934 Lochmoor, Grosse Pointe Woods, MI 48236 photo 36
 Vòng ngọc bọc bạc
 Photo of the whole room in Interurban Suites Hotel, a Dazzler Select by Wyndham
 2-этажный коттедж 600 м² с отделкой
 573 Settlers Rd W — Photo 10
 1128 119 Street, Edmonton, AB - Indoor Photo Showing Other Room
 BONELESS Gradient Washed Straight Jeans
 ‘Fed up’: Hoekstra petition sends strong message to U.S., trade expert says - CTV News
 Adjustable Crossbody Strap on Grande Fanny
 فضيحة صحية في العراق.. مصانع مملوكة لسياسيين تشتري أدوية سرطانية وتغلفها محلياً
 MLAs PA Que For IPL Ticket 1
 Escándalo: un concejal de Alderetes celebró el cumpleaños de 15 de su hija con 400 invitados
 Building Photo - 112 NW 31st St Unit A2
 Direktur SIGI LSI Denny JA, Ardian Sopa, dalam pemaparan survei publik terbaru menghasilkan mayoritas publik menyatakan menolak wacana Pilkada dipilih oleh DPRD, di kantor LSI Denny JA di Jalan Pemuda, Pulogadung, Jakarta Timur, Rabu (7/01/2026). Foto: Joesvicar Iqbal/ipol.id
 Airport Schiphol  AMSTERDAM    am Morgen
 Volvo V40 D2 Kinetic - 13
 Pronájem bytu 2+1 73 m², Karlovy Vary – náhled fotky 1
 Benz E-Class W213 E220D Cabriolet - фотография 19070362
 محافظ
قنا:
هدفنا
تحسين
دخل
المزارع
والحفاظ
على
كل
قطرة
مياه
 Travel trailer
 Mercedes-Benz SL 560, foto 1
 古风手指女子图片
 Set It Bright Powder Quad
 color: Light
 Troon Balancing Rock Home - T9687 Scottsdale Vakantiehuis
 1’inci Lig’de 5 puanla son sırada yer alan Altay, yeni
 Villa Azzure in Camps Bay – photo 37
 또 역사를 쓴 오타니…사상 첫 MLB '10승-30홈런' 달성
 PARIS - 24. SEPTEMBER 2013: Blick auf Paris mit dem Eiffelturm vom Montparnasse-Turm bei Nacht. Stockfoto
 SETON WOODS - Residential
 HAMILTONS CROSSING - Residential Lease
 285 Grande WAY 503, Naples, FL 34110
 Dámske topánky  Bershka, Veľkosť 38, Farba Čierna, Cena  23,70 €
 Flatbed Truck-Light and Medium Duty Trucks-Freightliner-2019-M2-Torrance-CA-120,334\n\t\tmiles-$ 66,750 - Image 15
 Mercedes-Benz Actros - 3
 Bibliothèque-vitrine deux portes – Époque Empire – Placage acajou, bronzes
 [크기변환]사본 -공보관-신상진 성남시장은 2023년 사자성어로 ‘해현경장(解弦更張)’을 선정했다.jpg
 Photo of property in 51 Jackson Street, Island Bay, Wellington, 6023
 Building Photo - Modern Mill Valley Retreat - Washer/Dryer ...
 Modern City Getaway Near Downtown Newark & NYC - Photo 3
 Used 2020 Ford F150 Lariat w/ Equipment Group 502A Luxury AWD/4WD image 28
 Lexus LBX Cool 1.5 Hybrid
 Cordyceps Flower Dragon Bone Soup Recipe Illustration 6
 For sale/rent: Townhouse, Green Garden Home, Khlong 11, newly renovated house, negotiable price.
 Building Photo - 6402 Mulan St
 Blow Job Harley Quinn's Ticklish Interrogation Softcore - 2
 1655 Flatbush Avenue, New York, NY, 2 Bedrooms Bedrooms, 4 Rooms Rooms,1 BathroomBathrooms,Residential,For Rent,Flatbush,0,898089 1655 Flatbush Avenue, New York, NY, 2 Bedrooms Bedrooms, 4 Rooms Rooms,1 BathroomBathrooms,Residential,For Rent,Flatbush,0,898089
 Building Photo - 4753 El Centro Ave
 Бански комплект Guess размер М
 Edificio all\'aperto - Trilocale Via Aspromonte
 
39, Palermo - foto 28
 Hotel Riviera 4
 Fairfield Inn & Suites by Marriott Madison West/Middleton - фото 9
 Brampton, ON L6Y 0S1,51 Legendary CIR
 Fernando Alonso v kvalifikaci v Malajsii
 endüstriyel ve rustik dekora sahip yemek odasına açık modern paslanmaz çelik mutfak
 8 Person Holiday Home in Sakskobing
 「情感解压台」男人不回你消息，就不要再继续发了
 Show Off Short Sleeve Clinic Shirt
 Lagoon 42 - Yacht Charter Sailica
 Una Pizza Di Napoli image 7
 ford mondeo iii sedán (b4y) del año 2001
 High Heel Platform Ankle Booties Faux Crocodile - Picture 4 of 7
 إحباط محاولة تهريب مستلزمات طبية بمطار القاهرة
##########
## WORK REQUIRED
Copy out the lines starting at the one containing "endüstriyel ve rustik" and ending with the last line of the entries. Include nothing else.

## OUTPUT OF THE TASK
 endüstriyel ve rustik dekora sahip yemek odasına açık modern paslanmaz çelik mutfak
 8 Person Holiday Home in Sakskobing
 「情感解压台」男人不回你消息，就不要再继续发了
 Show Off Short Sleeve Clinic Shirt
 Lagoon 42 - Yacht Charter Sailica
 Una Pizza Di Napoli image 7
 ford mondeo iii sedán (b4y) del año 2001
 High Heel Platform Ankle Booties Faux Crocodile - Picture 4 of 7
 إحباط محاولة تهريب مستلزمات طبية بمطار القاهرة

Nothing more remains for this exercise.